Библиотека сайта XIII век
УТЕМИШ-ХАДЖИ ИБН МАУЛАНА МУХАММАД ДОСТИ
ЧИНГИЗ-НАМЕ
НЕИЗВЕСТНАЯ ВЕРСИЯ ГИБЕЛИ УРУС-ХАНА
(ИЗ ПОЛИТИЧЕСКОЙ ИСТОРИИ ВОСТОЧНОГО ДАШТ-И КЫПЧАКА XIV В.)
После смерти последних ханов Золотой Орды Джанибека и Берди-бека, потомков 2-го сына Джучи — Бату, во владениях Золотой Орды, в Дашт-и Кыпчаке более чем на 20 лет установилась смута. Исследователи отмечают обычно, что за эти годы в Сарае сменилось более 25 ханов. Восточный Дашт-и Кыпчак, т. е. Казахские степи отделились от Сарая, вероятно, несколько ранее. Здесь, однако, также не было мира. За власть боролись различные группировки, во главе которых стояли, фактически или номинально, потомки разных сыновей Джучи, которых у него (только “законных”), по отдельным источникам, насчитывается до 18. Их общими усилиями потомки Бату были истреблены.
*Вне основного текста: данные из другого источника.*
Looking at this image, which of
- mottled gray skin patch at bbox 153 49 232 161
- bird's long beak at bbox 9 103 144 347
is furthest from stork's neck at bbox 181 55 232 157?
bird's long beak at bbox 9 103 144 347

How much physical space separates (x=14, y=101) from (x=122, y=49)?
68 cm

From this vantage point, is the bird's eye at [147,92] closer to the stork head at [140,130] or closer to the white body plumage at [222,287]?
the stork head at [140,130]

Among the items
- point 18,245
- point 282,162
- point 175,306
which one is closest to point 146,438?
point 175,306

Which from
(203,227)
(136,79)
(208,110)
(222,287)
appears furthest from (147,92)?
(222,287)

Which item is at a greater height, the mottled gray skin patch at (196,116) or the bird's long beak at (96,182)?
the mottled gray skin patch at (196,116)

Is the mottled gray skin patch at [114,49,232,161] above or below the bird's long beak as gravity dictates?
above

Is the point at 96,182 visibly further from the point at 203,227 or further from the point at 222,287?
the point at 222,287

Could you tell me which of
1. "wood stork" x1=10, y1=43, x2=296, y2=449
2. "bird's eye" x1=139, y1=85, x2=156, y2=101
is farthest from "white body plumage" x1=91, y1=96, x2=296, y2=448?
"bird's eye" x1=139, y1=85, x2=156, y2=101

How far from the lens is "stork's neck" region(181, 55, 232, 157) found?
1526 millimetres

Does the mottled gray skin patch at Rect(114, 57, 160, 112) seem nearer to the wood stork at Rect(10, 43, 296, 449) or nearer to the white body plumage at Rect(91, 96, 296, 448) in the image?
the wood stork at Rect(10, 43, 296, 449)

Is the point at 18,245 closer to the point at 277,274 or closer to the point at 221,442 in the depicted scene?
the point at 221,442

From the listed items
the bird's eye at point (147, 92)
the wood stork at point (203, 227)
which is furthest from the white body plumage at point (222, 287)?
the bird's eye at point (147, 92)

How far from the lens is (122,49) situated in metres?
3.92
Наступало уже время, когда на политической арене Восточного Дашт-и Кыпчака должны были остаться только соперничавшие линии потомков 5-го сына Джучи—Шайбана и 13-го сына Джучи — Тука-Тимура. В означенное время власть в Восточном Дашт-и Кыпчаке удалось сосредоточить в своих руках Урус-хану, сыну Бадыка, потомку Тука-Тимура.
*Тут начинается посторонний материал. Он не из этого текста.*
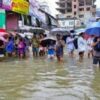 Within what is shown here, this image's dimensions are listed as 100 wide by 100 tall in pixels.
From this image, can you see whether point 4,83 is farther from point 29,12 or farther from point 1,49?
point 29,12

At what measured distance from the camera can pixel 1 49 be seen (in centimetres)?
2173

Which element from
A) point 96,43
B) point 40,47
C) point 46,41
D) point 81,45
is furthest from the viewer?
point 40,47

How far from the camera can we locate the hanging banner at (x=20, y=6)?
31945 mm

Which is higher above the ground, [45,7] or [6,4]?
[45,7]

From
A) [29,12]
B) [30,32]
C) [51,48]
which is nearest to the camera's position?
[51,48]

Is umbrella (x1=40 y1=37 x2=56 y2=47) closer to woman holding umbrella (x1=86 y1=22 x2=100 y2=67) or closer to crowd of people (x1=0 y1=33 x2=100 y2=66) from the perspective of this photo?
crowd of people (x1=0 y1=33 x2=100 y2=66)

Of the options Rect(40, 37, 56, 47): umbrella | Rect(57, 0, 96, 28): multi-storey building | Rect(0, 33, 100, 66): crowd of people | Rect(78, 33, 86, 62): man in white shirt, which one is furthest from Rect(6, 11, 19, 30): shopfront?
Rect(57, 0, 96, 28): multi-storey building

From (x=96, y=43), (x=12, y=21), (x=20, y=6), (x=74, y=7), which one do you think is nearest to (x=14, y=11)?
(x=20, y=6)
Политическая обстановка в странах, окружавших Восточный Дашт-и Кыпчак, была опасной для Урус-хана. В Западном Дашт-и Кыпчаке возвысился племенной предводитель Мамай. В Сарае все время менялись ханы, постоянно предпринимались попытки восстановить власть Золотой Орды в Восточном Дашт-и Кыпчаке. Возвышалась Московская Русь. В Средней Азии приближалось время торжества Эмира Тимура. В Могулистане усилился Чагатаид Туглук-Тимур-хан. В такой ситуации действовали против Урус-хана и силы внутри самого Восточного Дашт-и Кыпчака в лице Джучидов, племенных владетелей и др. Именно эти силы и привели в конце концов к гибели Урус-хана и сорвали его попытки объединить Восточный Дашт-и Кыпчак.
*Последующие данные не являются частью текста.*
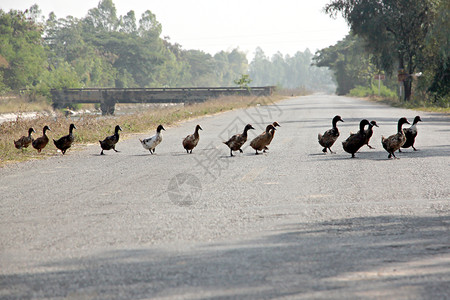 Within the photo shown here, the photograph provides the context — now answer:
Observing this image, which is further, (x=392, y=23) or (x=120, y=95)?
(x=120, y=95)

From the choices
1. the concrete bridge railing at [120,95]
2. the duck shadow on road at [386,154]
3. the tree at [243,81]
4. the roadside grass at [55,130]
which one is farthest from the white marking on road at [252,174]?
the concrete bridge railing at [120,95]

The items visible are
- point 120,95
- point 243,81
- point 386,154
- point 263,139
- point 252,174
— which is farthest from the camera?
point 120,95

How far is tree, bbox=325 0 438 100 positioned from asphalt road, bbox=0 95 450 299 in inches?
1430

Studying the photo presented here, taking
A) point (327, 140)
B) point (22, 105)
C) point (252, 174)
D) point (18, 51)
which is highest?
point (18, 51)

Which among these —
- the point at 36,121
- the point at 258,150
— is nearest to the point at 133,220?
the point at 258,150

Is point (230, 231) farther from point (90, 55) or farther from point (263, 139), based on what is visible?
point (90, 55)

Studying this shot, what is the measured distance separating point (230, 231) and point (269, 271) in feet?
4.93

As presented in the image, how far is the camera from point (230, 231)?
604cm

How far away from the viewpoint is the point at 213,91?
261ft

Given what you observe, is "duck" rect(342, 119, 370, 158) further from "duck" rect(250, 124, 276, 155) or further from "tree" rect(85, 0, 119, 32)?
"tree" rect(85, 0, 119, 32)

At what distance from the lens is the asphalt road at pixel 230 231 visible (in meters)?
4.28

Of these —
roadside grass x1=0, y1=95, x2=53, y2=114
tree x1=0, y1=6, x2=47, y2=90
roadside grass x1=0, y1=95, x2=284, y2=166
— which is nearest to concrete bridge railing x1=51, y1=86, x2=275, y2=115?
roadside grass x1=0, y1=95, x2=53, y2=114

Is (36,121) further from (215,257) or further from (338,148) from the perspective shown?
(215,257)

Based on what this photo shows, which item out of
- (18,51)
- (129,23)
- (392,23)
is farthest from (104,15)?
(392,23) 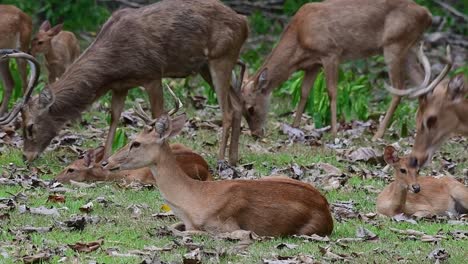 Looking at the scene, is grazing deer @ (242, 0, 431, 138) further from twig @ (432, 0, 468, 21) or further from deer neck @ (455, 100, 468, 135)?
twig @ (432, 0, 468, 21)

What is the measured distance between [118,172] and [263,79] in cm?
480

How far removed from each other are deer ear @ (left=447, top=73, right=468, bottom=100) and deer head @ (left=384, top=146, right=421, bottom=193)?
69 cm

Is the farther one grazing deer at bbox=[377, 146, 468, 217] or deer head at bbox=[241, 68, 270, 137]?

Введенные в обиход источники не сообщают подробно о том, как сошел с политической арены Урус-хан. Сообщается, например, что он умер естественной смертью. Этому противоречат, однако, известия такого сочинения, как “Чингиз-наме” Утемиша-хаджи. По данным этого источника, Урус-хан был убит в стычке с Тохтамышем. Последний также был потомком Тука-Тимура. Его отец, Той-Ходжа, был убит Урус-ханом за неповиновение. Той-Ходже принадлежал якобы наследственно [77] Мангышлак. Известно, что Тохтамыш бежал из Дашт-и Кыпчака в Мавераннахр к Эмиру Тимуру. Последний использовал Тохтамыша в борьбе против Урус-хана. Борьба же между Тимуром и Урусом была ожесточенной. Разворачивалась она в основном в присырдарьинских районах. По источникам известно, что Тимур несколько раз помогал Тохтамышу людьми и снаряжением. Однако, по известным нам данным, Урус постоянно одерживал победы над Тохтамышем, и тот смог утвердиться на “троне Саина” и временно объединить Восточный и Западный Дашт-и Кыпчак лишь после смерти Уруса, когда он одолел и Мамая, пережившего разгром на поле Куликовом.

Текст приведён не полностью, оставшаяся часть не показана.